Very soon...we're all going to be having a lot of conversations on the topic of "Imputation". And it's gonna be all sorts of fun. Partly 'cause it means a lot of different things to a lot of different people -- and partly 'cause even the people who all think it means the same thing do it 12 different ways.
The different definitions come from the background you came from to get into proteomics. If you came from genetics like I did, you've done all sorts of imputation on microarrays. You have to do that because microarrays are a picture of a tiny piece of glass that has thousands of different probes on it. And the biologists at the end expect a measurement from every single one of those probes...even if something like this happens...
See that thing in the bottom? That isn't massive overexpression of all the genes/transcripts in that area of the array (each pixel is a gene or transcript and the intensity of the color correlates to how much of it there is) -- these instruments can do thousands of these arrays each day -- and not all of them are perfect.
I did the QC on one of the (at the time) world's largest microarray projects and when you have thousands of arrays you need to have a strategy for getting every measurement that you can -- and for figuring out what measurements you can't trust. And we call that imputation!

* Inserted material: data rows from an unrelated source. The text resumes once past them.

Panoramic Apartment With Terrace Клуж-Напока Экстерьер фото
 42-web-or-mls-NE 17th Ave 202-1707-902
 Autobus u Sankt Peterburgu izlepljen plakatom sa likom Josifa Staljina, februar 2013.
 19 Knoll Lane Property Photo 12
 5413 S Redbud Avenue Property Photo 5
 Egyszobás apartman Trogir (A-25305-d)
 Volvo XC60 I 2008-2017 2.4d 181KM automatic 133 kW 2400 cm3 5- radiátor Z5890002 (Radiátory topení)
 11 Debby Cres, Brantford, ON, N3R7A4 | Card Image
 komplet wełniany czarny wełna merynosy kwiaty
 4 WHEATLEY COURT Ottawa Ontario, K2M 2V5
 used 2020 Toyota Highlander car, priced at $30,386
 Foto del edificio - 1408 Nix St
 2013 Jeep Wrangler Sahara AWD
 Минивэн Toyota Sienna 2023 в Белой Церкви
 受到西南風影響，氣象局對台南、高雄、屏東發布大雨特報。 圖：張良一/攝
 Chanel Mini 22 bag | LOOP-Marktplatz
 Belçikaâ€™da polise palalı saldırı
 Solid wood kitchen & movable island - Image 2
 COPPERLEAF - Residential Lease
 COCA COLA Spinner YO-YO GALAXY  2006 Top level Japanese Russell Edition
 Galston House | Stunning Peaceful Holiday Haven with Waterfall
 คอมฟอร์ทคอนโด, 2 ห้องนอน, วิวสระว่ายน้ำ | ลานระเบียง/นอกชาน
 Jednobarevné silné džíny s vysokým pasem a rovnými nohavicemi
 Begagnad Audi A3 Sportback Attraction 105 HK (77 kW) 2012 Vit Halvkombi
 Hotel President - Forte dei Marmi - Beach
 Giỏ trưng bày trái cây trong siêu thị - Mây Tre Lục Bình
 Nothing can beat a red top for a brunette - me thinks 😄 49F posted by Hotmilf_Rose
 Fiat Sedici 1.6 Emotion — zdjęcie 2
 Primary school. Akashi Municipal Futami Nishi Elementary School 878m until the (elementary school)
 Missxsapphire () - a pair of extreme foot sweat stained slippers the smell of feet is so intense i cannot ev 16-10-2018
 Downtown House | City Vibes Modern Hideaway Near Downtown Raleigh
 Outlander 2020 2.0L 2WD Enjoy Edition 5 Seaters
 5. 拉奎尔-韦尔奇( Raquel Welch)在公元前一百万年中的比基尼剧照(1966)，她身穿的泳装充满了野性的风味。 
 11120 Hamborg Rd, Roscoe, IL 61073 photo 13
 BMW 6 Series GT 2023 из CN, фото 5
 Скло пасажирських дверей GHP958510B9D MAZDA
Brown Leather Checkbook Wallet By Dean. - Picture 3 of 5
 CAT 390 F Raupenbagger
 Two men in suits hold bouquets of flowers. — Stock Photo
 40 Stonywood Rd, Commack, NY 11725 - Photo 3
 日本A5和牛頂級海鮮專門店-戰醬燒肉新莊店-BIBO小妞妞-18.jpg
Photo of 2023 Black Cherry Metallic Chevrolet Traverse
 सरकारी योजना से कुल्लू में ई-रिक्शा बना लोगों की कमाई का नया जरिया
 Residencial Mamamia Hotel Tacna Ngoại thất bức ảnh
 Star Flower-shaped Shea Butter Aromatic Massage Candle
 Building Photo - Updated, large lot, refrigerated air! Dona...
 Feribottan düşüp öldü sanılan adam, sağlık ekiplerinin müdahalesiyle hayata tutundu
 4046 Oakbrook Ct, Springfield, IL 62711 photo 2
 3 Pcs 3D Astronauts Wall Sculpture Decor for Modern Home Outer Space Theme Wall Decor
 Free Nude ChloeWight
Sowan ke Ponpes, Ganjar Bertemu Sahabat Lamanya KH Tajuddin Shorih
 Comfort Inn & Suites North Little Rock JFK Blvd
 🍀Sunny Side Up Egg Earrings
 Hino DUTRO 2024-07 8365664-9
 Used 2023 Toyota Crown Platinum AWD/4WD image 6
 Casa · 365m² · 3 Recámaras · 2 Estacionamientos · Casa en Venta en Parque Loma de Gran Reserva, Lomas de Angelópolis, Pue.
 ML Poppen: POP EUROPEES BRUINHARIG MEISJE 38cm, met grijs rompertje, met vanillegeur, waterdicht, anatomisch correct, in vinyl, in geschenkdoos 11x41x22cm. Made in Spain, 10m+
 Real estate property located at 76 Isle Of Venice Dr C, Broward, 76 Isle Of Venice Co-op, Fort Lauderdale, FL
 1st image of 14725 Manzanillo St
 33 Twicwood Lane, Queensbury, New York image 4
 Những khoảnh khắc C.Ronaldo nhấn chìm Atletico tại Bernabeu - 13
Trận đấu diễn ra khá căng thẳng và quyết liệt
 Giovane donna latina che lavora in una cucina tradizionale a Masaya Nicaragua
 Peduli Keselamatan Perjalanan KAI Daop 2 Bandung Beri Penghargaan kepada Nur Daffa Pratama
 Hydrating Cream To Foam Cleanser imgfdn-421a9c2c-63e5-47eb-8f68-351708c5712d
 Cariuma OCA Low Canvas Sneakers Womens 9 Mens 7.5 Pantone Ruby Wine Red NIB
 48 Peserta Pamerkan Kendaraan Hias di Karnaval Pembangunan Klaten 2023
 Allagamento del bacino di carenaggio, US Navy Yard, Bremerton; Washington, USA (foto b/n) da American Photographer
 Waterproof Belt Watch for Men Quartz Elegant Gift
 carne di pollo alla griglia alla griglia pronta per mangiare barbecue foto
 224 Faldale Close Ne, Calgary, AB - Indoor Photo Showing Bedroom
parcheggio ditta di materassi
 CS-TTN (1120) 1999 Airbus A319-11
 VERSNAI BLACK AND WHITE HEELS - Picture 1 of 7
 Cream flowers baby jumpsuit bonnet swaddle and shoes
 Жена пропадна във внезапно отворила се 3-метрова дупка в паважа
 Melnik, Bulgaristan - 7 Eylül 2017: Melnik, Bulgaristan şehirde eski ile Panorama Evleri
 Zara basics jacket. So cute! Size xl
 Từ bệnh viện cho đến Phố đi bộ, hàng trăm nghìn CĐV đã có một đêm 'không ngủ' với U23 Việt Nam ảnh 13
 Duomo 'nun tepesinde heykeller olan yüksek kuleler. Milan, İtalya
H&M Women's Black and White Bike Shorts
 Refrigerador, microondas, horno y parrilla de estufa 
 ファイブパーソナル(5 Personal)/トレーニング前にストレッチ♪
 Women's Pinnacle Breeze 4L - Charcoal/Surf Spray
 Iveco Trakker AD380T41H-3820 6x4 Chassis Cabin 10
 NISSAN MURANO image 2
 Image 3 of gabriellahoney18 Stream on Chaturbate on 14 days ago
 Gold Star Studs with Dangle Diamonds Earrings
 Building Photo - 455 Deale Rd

For a great review on some of the techniques for imputation in proteomics you should check out this
It is going to be more in-depth than anything I'll go into here -- and more in-depth than anything you'll see from any commercial software package anytime soon. This review is partially so deep because this group at PNNL has a completely different idea of how we should be doing proteomics. In numerous studies they have shown that having high resolution accurate mass and accurate retention time is enough data to accurately do quantitative proteomics -- once you have a library of exact masses and retention times. And they have applied numerous statistical algorithms (some deriving from genomics techniques and others from pure statistics) to a few high quality data sets they have created to find the best ones -- and this is a wrap up of these. BTW, I LOVE these papers, I just don't think we're quite there to applying these to the diseases I care about.
Wow, this is rambly.
Important parts of this paper -- there are 3 ways of doing imputation
1) Single value
2) Local similarity
1) Single value:
Pro -- Easy, fast
Overview -- Makes one very powerful assumption and lives -- or dies -- by it. That if you have a missing value it is because it is outside of your dynamic range -- and is therefore super significant!
This can be AWESOME in proteomics of cells with unstable genomes. In homologous recombination/excision events in cancers where entire ends of both copies of a chromosome are gone...?...you aren't going to have a down-regulation of that protein. That protein will be gone. If you didn't do some sort of imputation outside of your dynamic range, you could walk away empty handed.
Cons: You can have tons of false positives that you think are significant, that totally aren't. Your spray bottomed out for 2 seconds during sample one of your treated samples -- when you only had an n of 3? Now you have 10 peptides that look really important -- that aren't.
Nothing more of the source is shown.